Até hoje isso é uma grande dor de cabeça na hora de redigir um trabalho acadêmico, mas capitulei e decidi assumir essa falha de caráter como marca pessoal. “Pra quê coesão?” foi como começou, e acabou levando a um exagero de “ligo pouco pra coerência, também”. A partir daí, foi um adeus pro que de regra de concordância e coerência e todo o resto que aprendemos, e cá estamos.
E o que isso tem a ver com qualquer coisa? Bom, como dito no início, esse post é apenas uma digressão epistemológica com fundamento da ciência política racional-positivista típica do iluminismo pré-colonial, o que significa que a intenção é quase que uma justificativa sobre mim mesmo. Chego a achar que as frases aparentemente desconexas (na verdade, bastante desconexas) guardam entre si uma espécie de coesão externa: cada frase, cada linha, cada parágrafo, é um trecho de mim, e daqui uns anos quando (se) alguém ler tudo o que eu escrevi, vai reconstruir como um fac-símile desses tempos da minha vida.

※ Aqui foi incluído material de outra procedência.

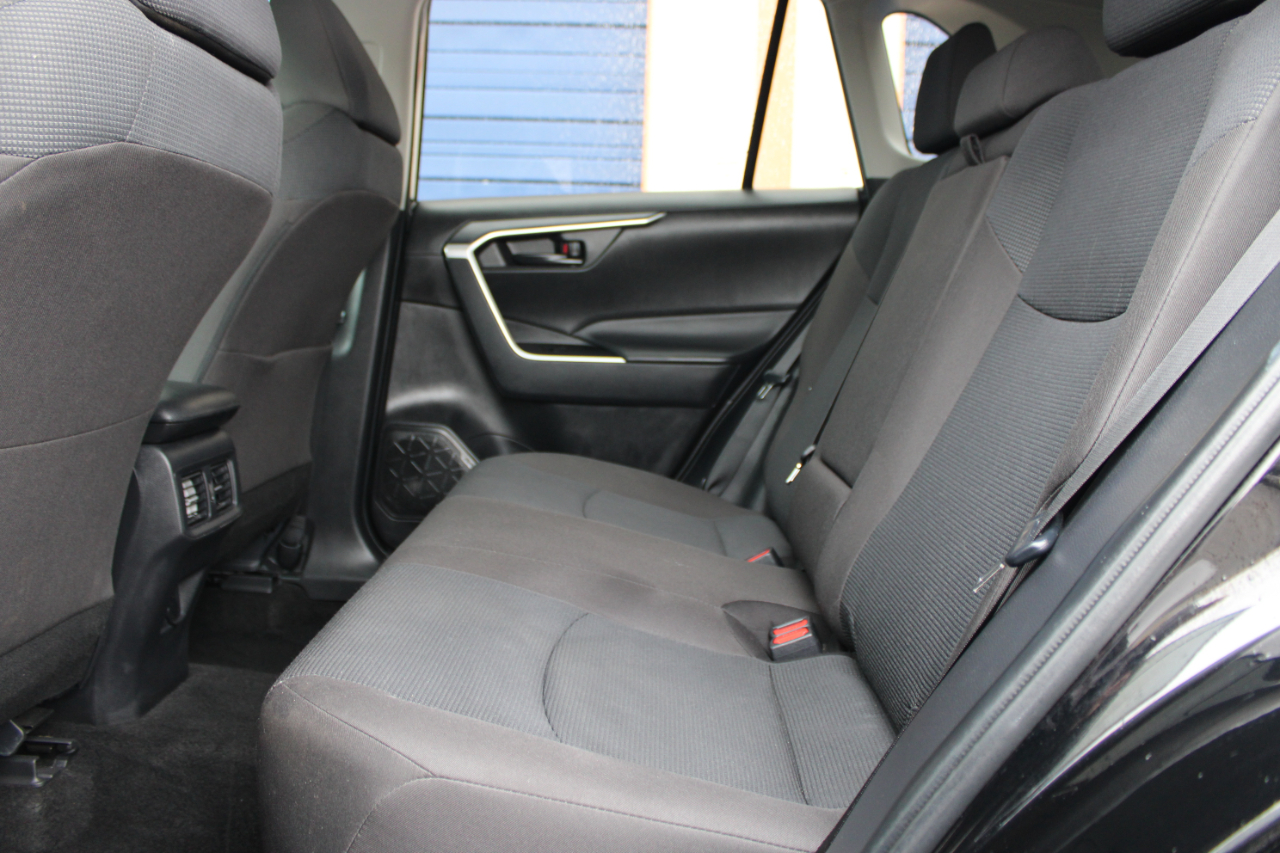 Toyota RAV4 LE AWD 2024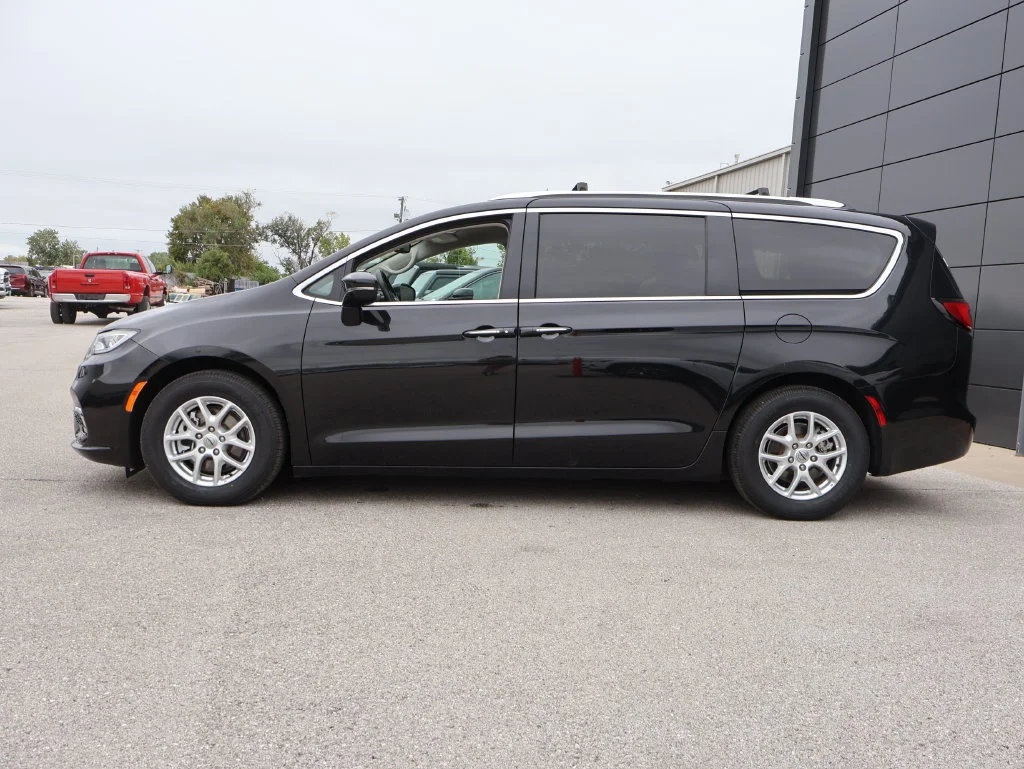 Used 2021 Chrysler Pacifica Touring L with VIN 2C4RC1BG0MR591862 for sale in Ozark, MO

Mas não é só isso. É, também, uma tentativa de organizar minhas ideias enquanto me explico para mim e para nós. É uma tentativa de explicar que cada palavra e cada vírgula e cada ponto-e-vírgula são colocados com o cuidado que só um coração que ignora a cabeça sabe fazer. É uma tentativa de justificar o que parece errado porque tem amor (amor, pois é, era sobre o que eu queria falar…).
Acho que, no final, é também uma tentativa de manifesto do eu mesmo. Uma nova modernidade! Um novo gênero literário exclusivo e revolucionário! Um novo ego que não tem bom senso que controle!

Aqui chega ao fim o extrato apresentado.